Today, however, the Boxer Farm is temporary home to 5 new (adult) chickens!  Our best friends S&S are selling their house, and chickens are so NOT on the "staging" list.  In addition, best friend S' sister also just sold her house and is "homeless" for the time being.  To the Boxer Farm they all came until a new living situation is accomplished.

The key to introducing new chickens to each other is Separation with Visual Contact.  This means that the chickens are physically separated from each other, but can see each other.  Through a wire fence, for example.  This way, they get to know each other, but cannot physically attack each other.  Chickens are very tied to their social structure, their pecking order.  When new girls are introduced, all that goes out the window as chickens challenge each other, try to figure out the new order and sometimes attack or bully others.  Your sweet as pie Buff Orpington could suddenly turn into the aggressor, or your HMIC (Head Midge in Charge) could turn docile and quiet.  All bets are off.

This is one thing that is great about our fenced in pen and coop complex.  Because of all the additions, we have a lot of doors that open and close, which allows all kinds of different access points.  This time, we had 3 sets of girls that needed to be separated--ours, S&S' three and the sister's two.  Each needs their own roaming space, their own nesting space, and coop space for sleeping.

The set of 2, from here on out, Frick and Frack, stayed in the pen.  I placed a small cat/dog carrier inside with straw for a nesting box and built a make-shift sleeping coop out of hardware cloth/wood panels I had laying around.  (Doesn't everyone??) These were actually pieces of a mail-order coop that's no longer in use.  They apparently are used to sleeping in an open-air situation, so that should make them feel more at home.

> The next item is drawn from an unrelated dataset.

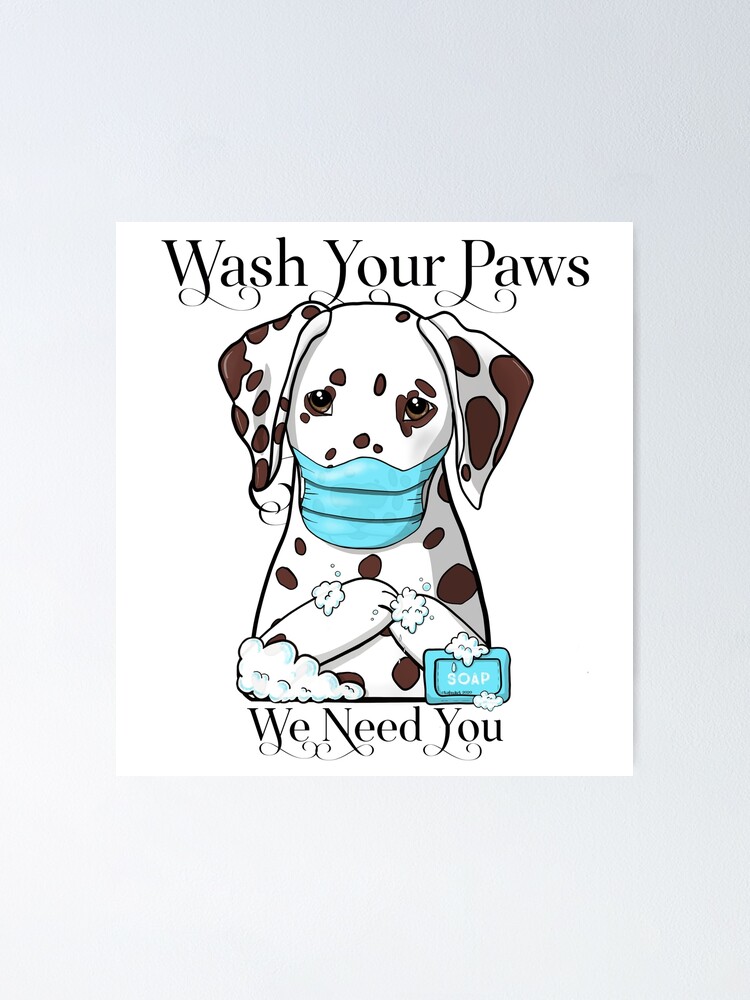 Wash store your paws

I *literally* put it together with zip ties so I could disassemble it easily since this situation is supposedly temporary.  It's not quite up to the security standards here, but it's much safer than the chainlink fence on the pen and it would still take an extremely strong animal to get through this.

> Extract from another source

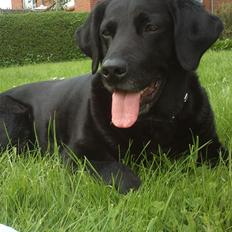 Labrador retriever Tessie - Også kaldt VBT! <3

S&S's three girls, the Flowers (Lily, Marigold, and Rose) stayed outside the fenced in area--free ranging in the backyard.  They came with their own ADORABLE coop with nesting box....and stairs!

Our girls stayed in their fenced in area, but we had to open a different access point so they could get to their nesting boxes.

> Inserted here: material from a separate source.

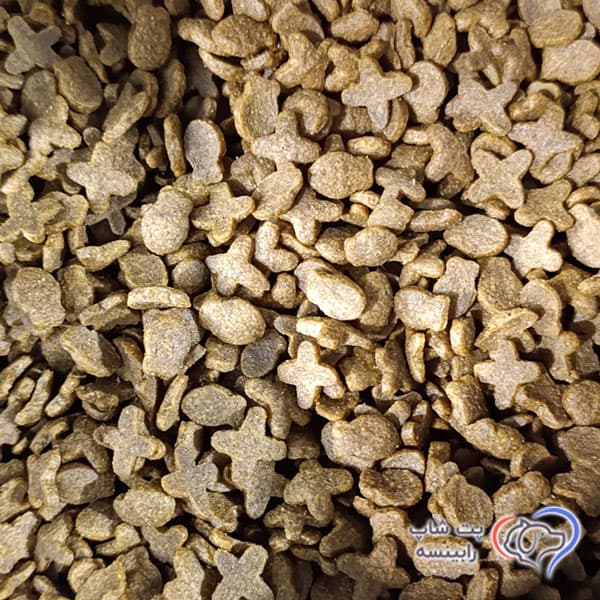 غذای خشک گربه بالغ وی پت فله ای ( بسته بندی رابینسه ) VIPet — تصویر ۲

I expect this separation to last a day or two.  Sometimes, it can take more than that.  It's easier when you have a lot of free-ranging space, because the factions can roam sort of in their little groups and gradually integrate into the main group.  When I do let them finally roam together, I like to be home and present outside, so I can break up any fights that get particularly brutal.  Pecking is ok, as long as it's not prolonged, fighting is not.
Jake and Finn are keeping track of the goings-on with the new girls.


Matilda was curious about the iPhone! We had an impromptu photo shoot.  Check out that chicken-eye!

UPDATE: Day 2, Frick and Frack escaped from their pen as I was constructing their coop and left the door ajar.  And then escaped the fenced area.  Frick and Frack, and the Flowers are now roaming peacefully together in the yard.  We'll see if this continues!!